The controversy largely began on November 20, 1952, when Adamski claimed that he witnessed, along with six other people, the landing of a UFO in the Californian desert and then made contact with its pilot, one Orthon of the planet Venus.
FBI documentation of 1953 on Adamski’s claimed encounter with the extraterrestrial Orthon states:
“At a point ten and two-tenths miles from Desert Center on the road to Parker and Needles, Arizona, Adamski made contact with a space craft and had talked to a space man. Adamski stated that he, [deleted] and his wife Mary had been out in the desert and that he and the persons with him had seen the craft come down to the earth. Adamski stated that a small stairway in the bottom of the craft, which appeared to be a round disc, opened and a space man came down the steps. Adamski stated he believed there were other space men in the ship because the ship appeared translucent and could see the shadows of the space men.”
The alien that allegedly confronted Adamski, the FBI noted, was “over five feet in height, having long hair like a woman’s and garbed in a suit similar to the space suits or web suits worn by the US Air Force men.” (The image to the left is a scan of one of the many pages contained within the FBI’s dossier on Adamski).

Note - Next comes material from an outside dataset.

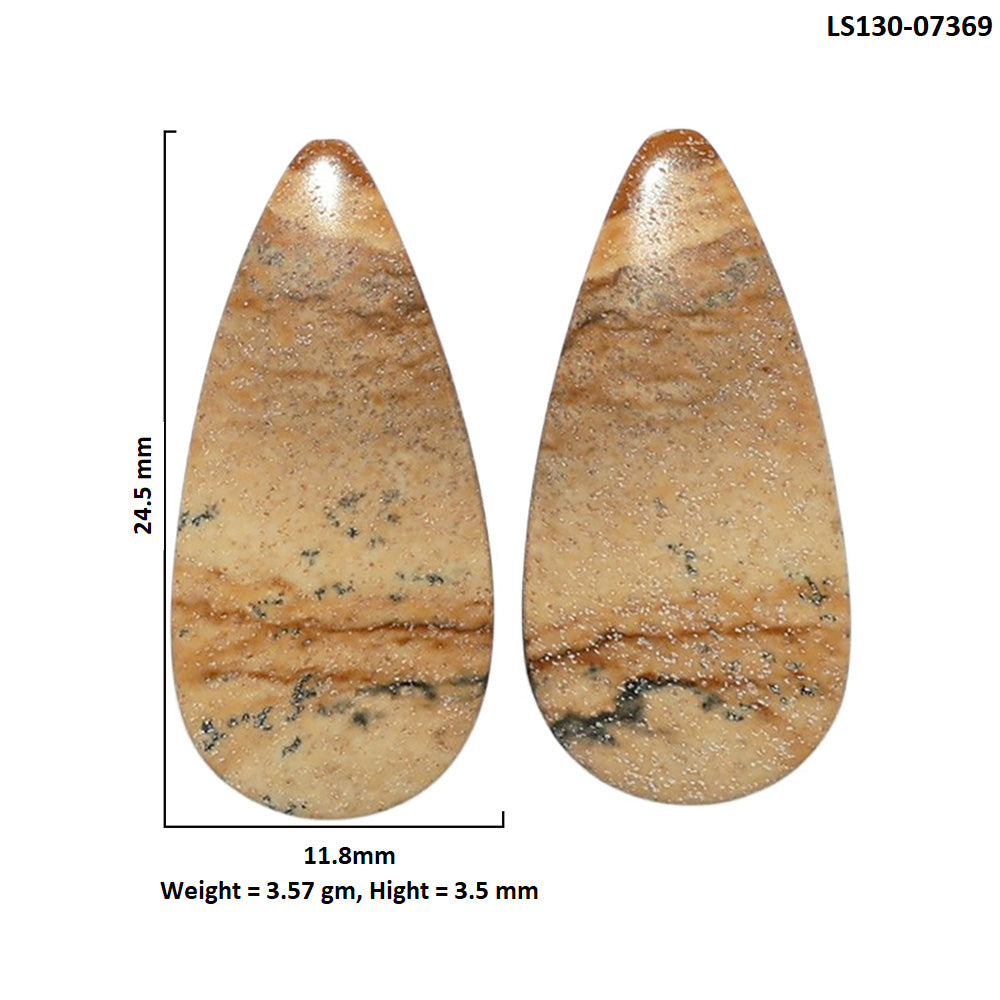 Picture Jasper Pair 11.8x24.5x3.5 mm Pear Shape Polished Gemstone LS130-07369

This was a story greatly expanded upon in a 1953 book entitled
Flying Saucers Have Landed that Adamski wrote with an Irish aristocrat named Desmond Leslie. It was this Adamski-Leslie connection that got the members of the Collins Elite all worked up and bent out of shape. One of the former Collins Elite staffers told me that the group quickly became concerned by the working relationship that existed between Adamski and Leslie, and for one very stark and eye-opening reason: Desmond Leslie had a long and rich link to the world of the occult, including – in a roundabout way – Aleister Crowley himself.
As Dr. David Clarke and Andy Roberts note in their book,
Flying Saucerers, Leslie’s father, Sir Shane (who was a second cousin to British Prime Minister Winston Churchill) was a truly colorful character. Indeed, he caused a sensation by converting to Roman Catholicism and the Nationalist cause. In addition, he spent part of his early years in Russia, where he became friends with Leo Tolstoy, before traveling across Europe.
It was during these travels that Sir Shane became obsessed with the world of the supernatural, which led him to carefully collect stories for his
Shane Leslie’s Ghost Book, published in 1955. Sir Shane’s closest friends at this time included the acclaimed paranormal novelist M.R. James and the eccentric Lord Tredegar, who dabbled in the black arts, under the influence of Aleister Crowley’s teachings, at his country estate in Wales.
So Desmond Leslie was, in a roundabout and convoluted fashion, someone who had been exposed to the occult and the teachings of Crowley. Just like
rocket scientist and Crowley devotee Jack Parsons – another character whose 1940s/early 1950s actions greatly troubled the Collins Elite. And that Leslie was digging into the world of Flying Saucers with George Adamski only troubled them even more and amplified their beliefs that the UFO phenomenon was/is demonic.
Unconnected threads that happened to occasionally cross paths, or evidence that the Collins Elite members were correct? In the absence of evidence one way or the other, it all comes down to belief and interpretation of the data and facts.